For purposes of the instant motion, the most significant thing the County told the court in 1972 was that the County had assumed full responsibility for the disposition of all of the solid waste for Westchester County. Although there was no statute that required the County to assume full responsibility, the County nevertheless assumed this responsibility voluntarily.

Pursuant to the foregoing representations by the County, the court issued an order that provided, among other things, that the County was to use consultants to generate reports and devise some plan for solid waste disposal.

In 1974, two years later, the County submitted to the court a plan for solid waste management, whereby the County again assumed full responsibility for all solid waste in Westchester County. This plan was predicated on the temporary use of the Landfill. The plan provided that the Landfill would be used for a period of three or four years, at which point the Landfill would be closed and some other facility would be used as the repository for solid waste.

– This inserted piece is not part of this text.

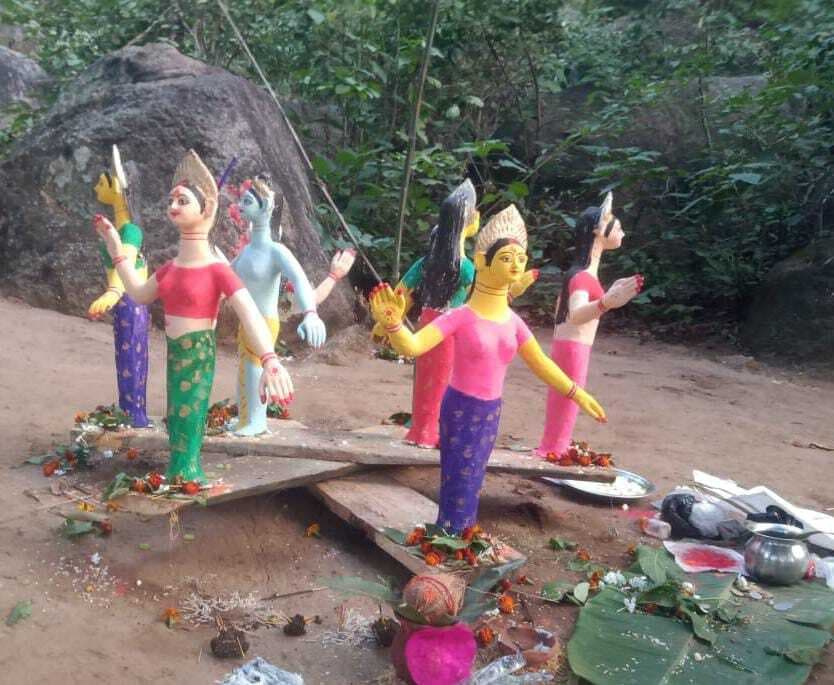 पांडवेश्वरनाथ में रास मेला शुरू, जुटी ग्रामीणों की भीड़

In 1974, the County Board of Legislators adopted a resolution to the effect that it would introduce a solid waste program. It expressly stated that the County would assume responsibility for all solid waste within the County.

In 1975, three years into this litigation, and after extensive negotiations, the County and the Government entered into a Consent Decree. The Consent Decree required, among other things, that an expert be appointed by the court who would determine the capacity of the Landfill, how high it could go, and to what extent the Landfill could still be used. In the meantime, it required the County to devise long-range plans for solid waste disposal.

At some point after 1975, the County decided it would increase the capacity of the Landfill. The court-appointed consultant had concluded that the Landfill could be 110 feet. The County hired a different consultant and that consultant found the Landfill's capacity to be 140 feet. After negotiations, both the Federal and State governments agreed that the Landfill could properly reach 140 feet. However, it was never agreed by any of the parties that the Landfill could continue to remain open for a very long period of time. The agreement remained that the Landfill was to be closed as expeditiously as possible and that some other solid waste repository would be found.

In 1984, the County contracted with a private facility known as Charles Point in Peekskill. This facility is an incinerator. The County contracted with Charles Point so that the County could burn 550,000 tons of solid waste at Charles Point per year. In 1974, the County estimated that it had generated 900,000 tons of solid waste per year. Charles Point would only take care of 550,000 tons. The County began using Charles Point in 1985 for solid waste disposal. Charles Point does not accept construction and demolition debris, which accounted in 1985 for 58,000 tons. Other than the Landfill, there is no place in Westchester County for construction and demolition debris.

In 1985, the County diverted 150 tons of solid waste which could not be received at Charles Point, to the Croton Point Landfill. In short, the County was still using the Landfill in 1985, ten years after the Consent Judgment was entered, when it contracted with Charles Point.

In the first six months of 1986 the County diverted over 60,000 tons of solid waste to the Landfill. In 1986, the Government engaged in extensive discovery with the County over the use of the Landfill and closing of the Landfill. There were depositions in which employees of the County basically had admitted to leachate being discharged into the Hudson River. Very soon after those depositions, the County decided to close the Landfill.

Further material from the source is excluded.